*** SOURCE MATERIAL

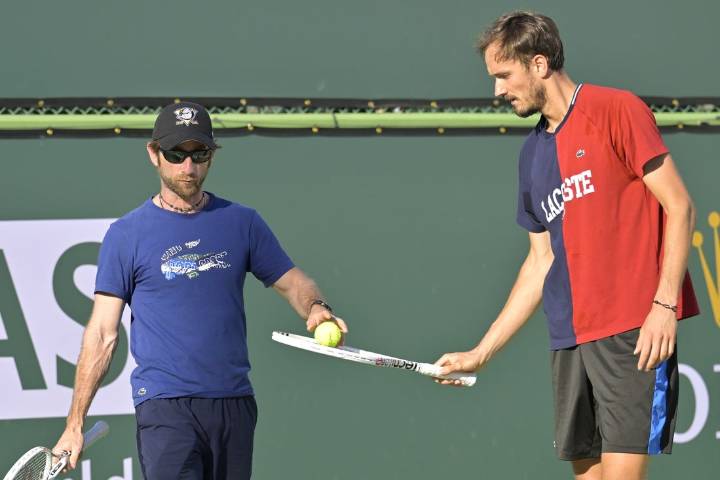 Deadspin | Struggling Daniil Medvedev parts with longtime coach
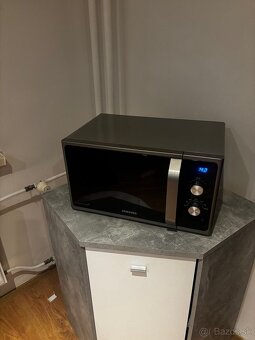 Predám mikrovlnku Samsung – čierno-strieborná - 2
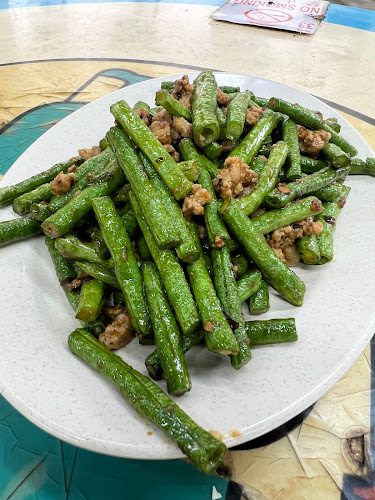 323 Geylang Rd, Singapore 389359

******

EXERCISE BRIEF: Your answer must be an exact copy of the data above, minus its pictures.

SOLUTION TO THIS TASK:
 Deadspin | Struggling Daniil Medvedev parts with longtime coach
 Predám mikrovlnku Samsung – čierno-strieborná - 2
 323 Geylang Rd, Singapore 389359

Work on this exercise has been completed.